__PROBLEM STATEMENT__.
Every entry below is to be returned unchanged. Images are not part of the copy.

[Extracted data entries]
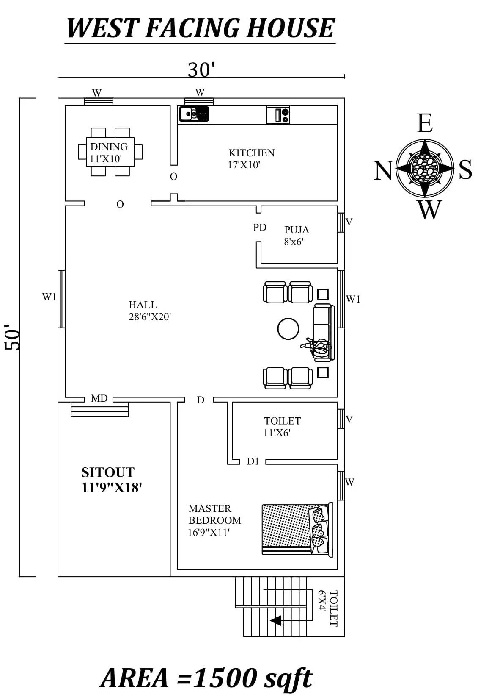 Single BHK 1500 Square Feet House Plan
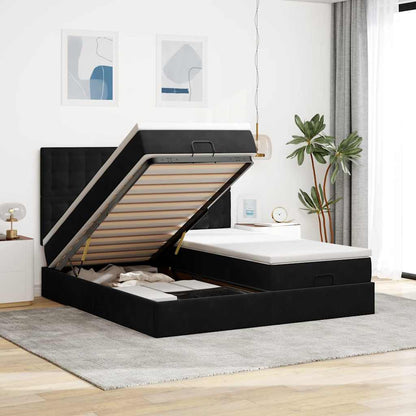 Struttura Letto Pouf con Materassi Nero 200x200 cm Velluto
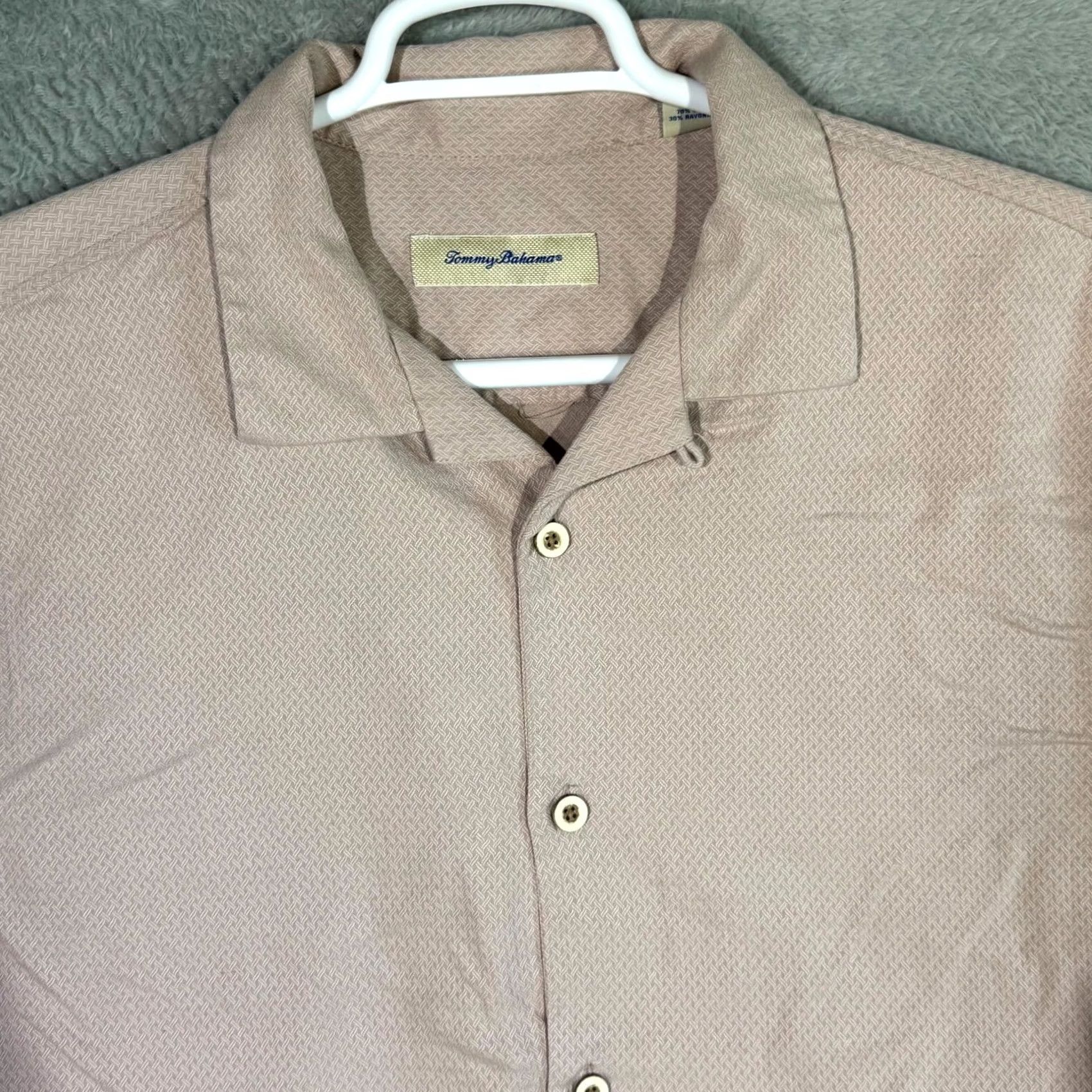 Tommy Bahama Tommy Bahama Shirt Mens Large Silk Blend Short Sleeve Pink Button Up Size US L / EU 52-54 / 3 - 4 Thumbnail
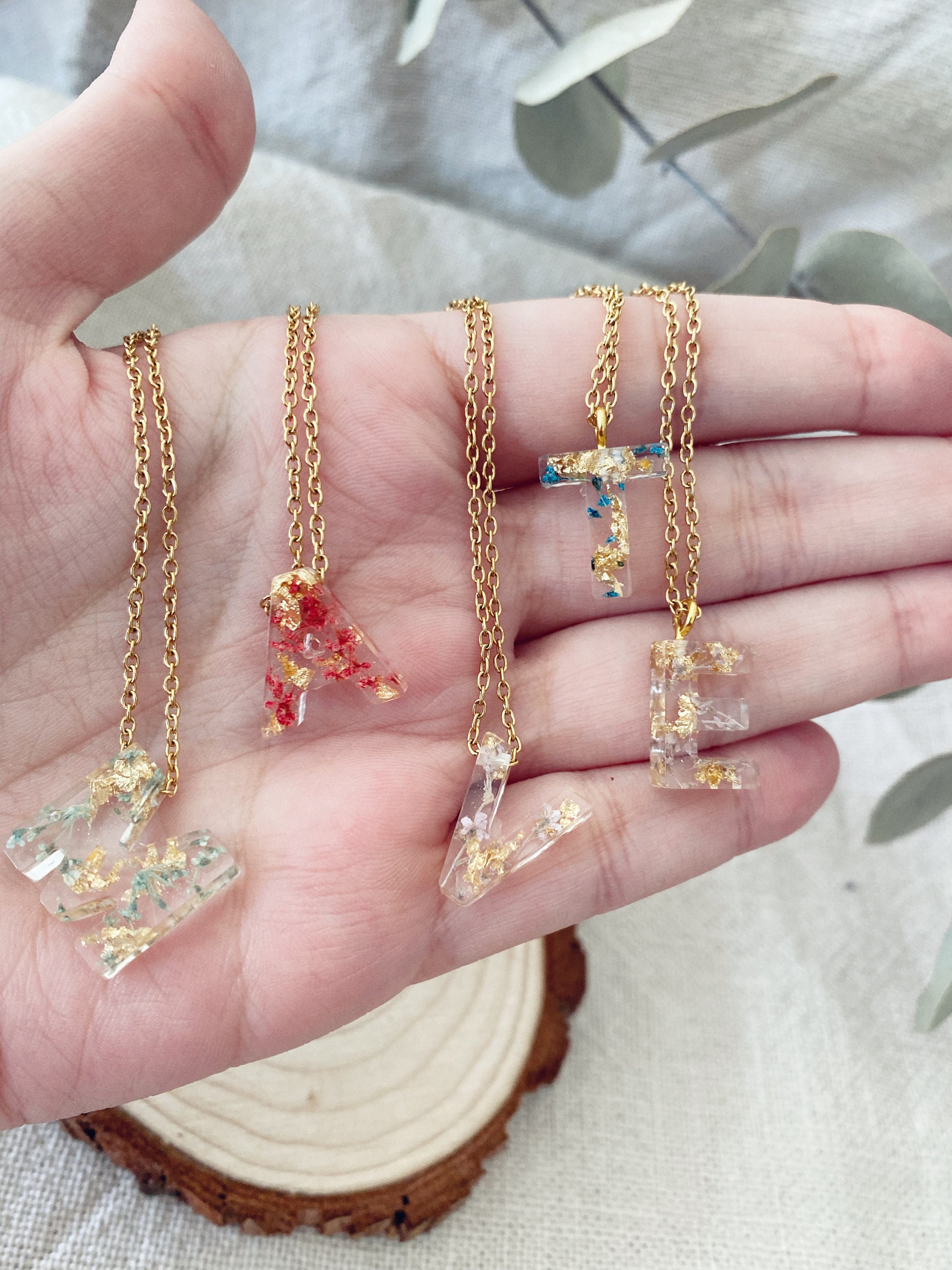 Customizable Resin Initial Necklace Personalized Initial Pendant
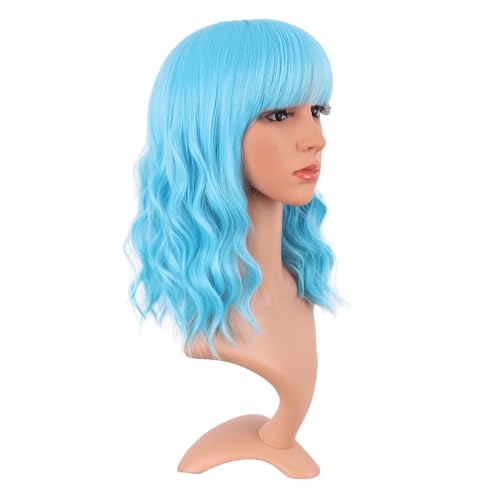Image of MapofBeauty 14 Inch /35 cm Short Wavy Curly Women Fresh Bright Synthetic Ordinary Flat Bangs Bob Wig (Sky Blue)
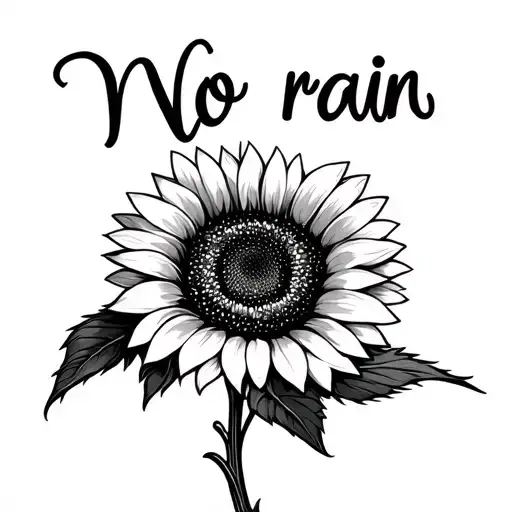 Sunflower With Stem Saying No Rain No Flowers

__ANSWER FOR THIS EXERCISE__.
 Single BHK 1500 Square Feet House Plan
 Struttura Letto Pouf con Materassi Nero 200x200 cm Velluto
 Tommy Bahama Tommy Bahama Shirt Mens Large Silk Blend Short Sleeve Pink Button Up Size US L / EU 52-54 / 3 - 4 Thumbnail
 Customizable Resin Initial Necklace Personalized Initial Pendant
Image of MapofBeauty 14 Inch /35 cm Short Wavy Curly Women Fresh Bright Synthetic Ordinary Flat Bangs Bob Wig (Sky Blue)
 Sunflower With Stem Saying No Rain No Flowers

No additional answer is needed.